Nineteen-Year-Old Ramblings

I noticed you too...and I know exactly what you mean when you say you feel invisible but you have enough personality that I'm sure that will change in time once the lovely people of Lit get to know you better.
I was going to try to talk to you but I didn't have the right software. PM me if you ever just want to vent. I have some personal experience with Aspergers.
 
I was looking at the top-rated romance stories one day after the close of the Valentine's Day contest, and I saw that you had something like 5 or 6 stories in the top ten. You'd already won the Valentine's Day contest, you have God knows how many stories up, every one of them with an H, and you've been here not even a year.

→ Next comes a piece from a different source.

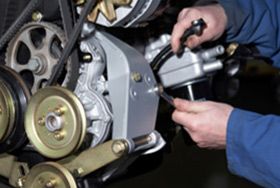 Check Control Auto mecánico reparando motor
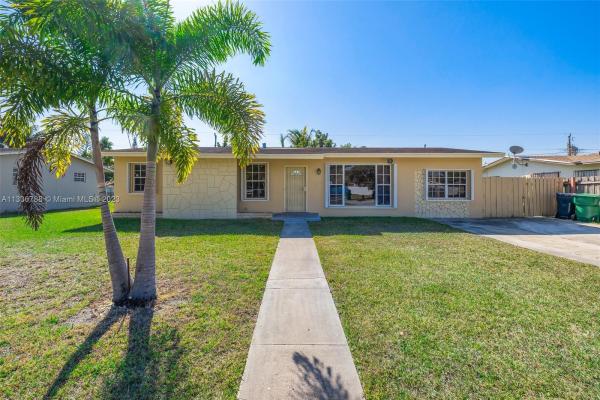 Leisure City Residential, 14910 SW 296th St, Leisure City, Florida 33033, image 2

It's kind of like you've swept through Literotica like the proverbial 600 pound gorilla and taken over the entire place. No one else even comes close.

No offense, but your posts make it seem that you're quite satisfied with yourself and your genre, with no doubts or real concerns about your output, and so there seems to be little room for any input from any of us rather obsolete old-timers.

Just what does one say to someone like you? About all we can do is bow down and leave, making sure that the door doesn't hit us in the ass on the way out.

You have a tremendous talent and the output to go with it and an army of loyal fans. Do I resent it? Fuck yes. And I'm sure I'm not the only one. And you should be aware that you'll probably stir up that kind of resentment wherever you go.

It's a shame that writing has to feel like a competition with other writers, because really it's not. Everyone has their own style and is only in competition with themselves. But that fact is, we set things up competitively, and no one can win without someone losing. I fully expect you to sweep the Annual Awards. You probably deserve it, but you can most certainly expect more resentment for that.

So how should you handle it? Well, the usual way is with grace and graciousness. Here that involves helping others, a little modesty, and a willingness to give as well as take. I'm not saying you don't have those. I'm just saying they haven't been much in evidence from what I've seen on this board. You have a tremendous gift, but that gift comes at a price: the resentment and envy of others. You can ignore this, you can flaunt your talent (which seems to be in fashion these days), or you can cultivate modesty and humility, which really is the best way to handle it.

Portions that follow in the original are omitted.